# 8 The Attention Mechanism from Scratch

In [25]:
import numpy as np
from scipy.special import softmax

## 8.3 The General Attention Mechanism with NumPy and SciPy

Consider the following four fabricated word embeddings. (In practice, word embeddings are usually the output of an encoder).

In [4]:
word_1 = np.array([1, 0, 0])
word_2 = np.array([0, 1, 0])
word_3 = np.array([1, 1, 0])
word_4 = np.array([0, 0, 1])

And the following randomly-initiated Query, Key and Value matrices. (Again, in practice, these would be akin to weights learned during training).

In [9]:
np.random.seed(42)

W_Q = np.random.randint(3, size=(3, 3))
W_K = np.random.randint(3, size=(3, 3))
W_V = np.random.randint(3, size=(3, 3))

Note how the number of rows of each of these matrices equals the dimensionality of our word embeddings. We will now calculate the query, key and value _vectors_ using matrix multiplication.

In [34]:
query_1 = word_1 @ W_Q
key_1 = word_1 @ W_K
value_1 = word_1 @ W_V

query_2 = word_2 @ W_Q
key_2 = word_2 @ W_K
value_2 = word_2 @ W_V

query_3 = word_3 @ W_Q
key_3 = word_3 @ W_K
value_3 = word_3 @ W_V

query_4 = word_4 @ W_Q
key_4 = word_4 @ W_K
value_4 = word_4 @ W_V

query_1.shape, key_1.shape, value_1.shape

((3,), (3,), (3,))

Next, let us calculate the "alignment scores" for the first word using its query vector and all the key vectors.

In [33]:
scores_1 = np.array(
    [
        np.dot(query_1, key_1),
        np.dot(query_1, key_2),
        np.dot(query_1, key_3),
        np.dot(query_1, key_4),
    ]
)
scores_1.shape

(4,)

Next, we can calculate the "attention weights" by applying a softmax function to the scores. But first, it is cusotmary to divide the scores by the square root of the square root of the dimensionality of keys, in order to control its variance and keep the gradients stable.

In [28]:
weights_1 = softmax(scores_1 / np.sqrt(key_1.shape[0]))

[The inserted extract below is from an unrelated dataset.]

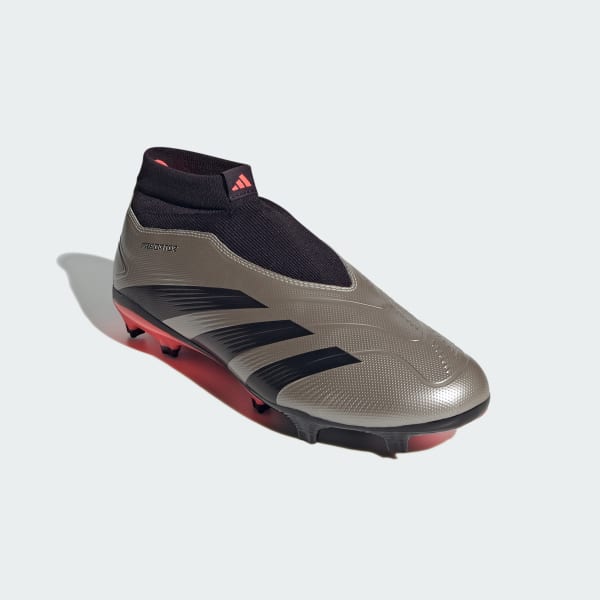 Predator League Laceless Firm Ground Boots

Finally, we calculate attention as the weighted sum of the four value vectors.

In [39]:
attention_1 = (
    weights_1[0] * value_1
    + weights_1[1] * value_2
    + weights_1[2] * value_3
    + weights_1[3] * value_4
)
attention_1

array([0.98522025, 1.74174051, 0.75652026])

Of course, we could do this for all four token embeddings in parallel using matrix algebra:

In [48]:
words = np.array([word_1, word_2, word_3, word_4])

Q = words @ W_Q
K = words @ W_K
V = words @ W_V

scores = Q @ K.T
weights = softmax(scores / np.sqrt(K.shape[1]), axis=1)
attention = weights @ V

attention

array([[0.98522025, 1.74174051, 0.75652026],
       [0.90965265, 1.40965265, 0.5       ],
       [0.99851226, 1.75849334, 0.75998108],
       [0.99560386, 1.90407309, 0.90846923]])

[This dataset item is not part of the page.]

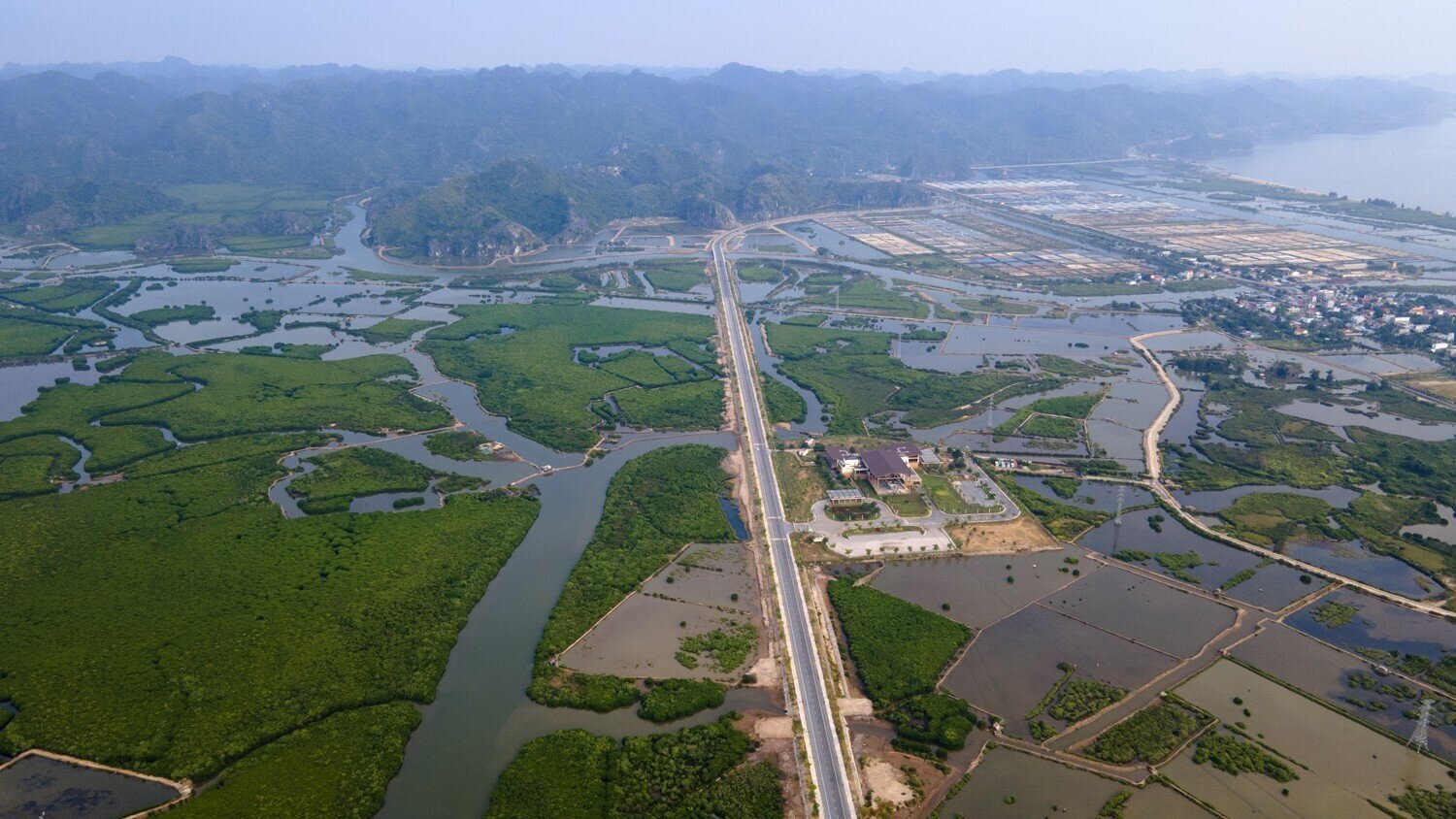 Esta carretera, con el mar azul a un lado y montañas y bosques al otro, es descrita por los turistas como «la carretera costera más hermosa del norte». (Foto: Arttimes)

The specifics of what the queries, keys and values are depends on the specific architecture. For instance, in the Bahdanau attention mechanism, the queries would be analogous to the previous decoder output $s_{t-1}$, the keys would be analogous to the encoded inputs (concatenated forward and backward hidden states) $h_{i}$ and the values would be same vectors as the keys.

**Note:** This simple attention mechanism has no learnable parameters! All the learning is in the word embeddings. So in the simple attention mechanism, a large part of the behaviour of the model comes from the parameters _upstream_.